# Optimizing Jaccard Similarity Computation for Big Data

Computing Jaccard similarity across all entries is a hercules task. Its in the order of $O(N^2)$. However there are many proposed optimization techniques that can significantly reduce the number of pairs that one needs to consider. I spent almost a week studying the various techniques and googling useful resources related to this topic. Below is a summary of the different approaches I found and links to few useful resources about these approaches. In particular I found two resources to be very useful:

Approaches for Optimizing Jaccard Similarity Computation

1. Token Based Filtering:

• Idea: Partition the data by tokens and consider only those pairs where at least one token matches.
• Note:
• Use this approach only when you want to compute jaccard similarity for all pairs, except where it is zero. Pairs that don’t share any tokens will be dropped from comparison.
• If there are duplicate tokens, then you will need to preprocess and convert the duplicate tokens into set.
• Reference: Chapter 6 of Similarity Joins in Relational Databases

2. Prefix Filtering

• Idea: Instead of using all tokens, use only top n tokens. n is dependent on the minimum jaccard similarity value $\tau$.
• Note:
• This approach will consider only those pairs that have jaccard similarity greater than $\tau$.
• This approach has no false negative i.e. pairs that have jaccard similarity greater than the minimum jaccard similarity will always be considered. But there can be false positive. Hence it is important to calculate jaccard similarity by considering actual tokens.
• Needs an extra pre-computation step where tokens needs to be ordered in some manner. In general ordering the tokens by frequency in ascending order improves performance of this approach
• There are other variations of this approach such as positional filtering.
• Chapter 3 of Mining Massive Datasets.

3. Locality Sensitive Hashing (using MinHash)
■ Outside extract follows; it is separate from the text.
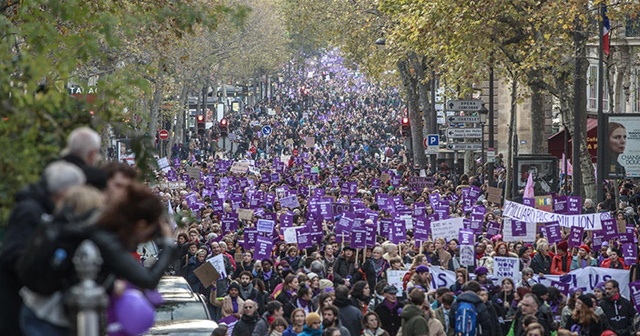Binlerce kişi kadına şiddete karşı yürüdü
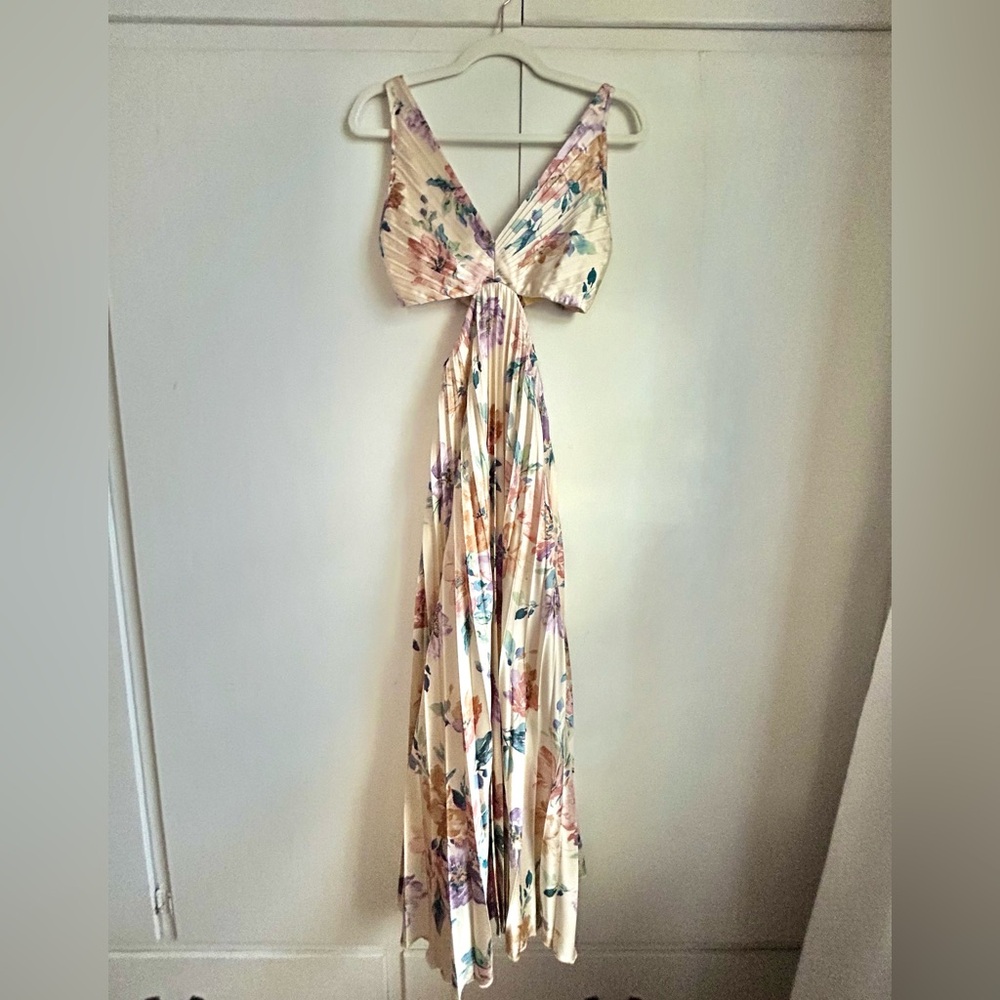 Abercrombie & Fitch Giselle Pleated Cutout Maxi Dress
• Idea: Instead of consider tokens directly, hash the token using k different hash functions and identify minimum hash value associated with each hash function. In order to compute jaccard similarity, simply count number of times min hash value matches and divide it by k. In order to reduce the number of pairs that we consider, further hash min hash signature by considering r columns at a time.
• Note:
• Similar to prefix filtering, this approach only considers those pairs that have a high probability that the jaccard similarity is greater than some predetermined minimum jaccard similarity
• This approach can lead to both false negative and false positive i.e. it is possible that pairs with jaccard similarity are dropped from being considered.
• There are several parameters that one has to consider, namely: (1) family of hash function, (2) number of hash functions to consider, (3) number of rows and bands while partitioning minhash signatures during LSH.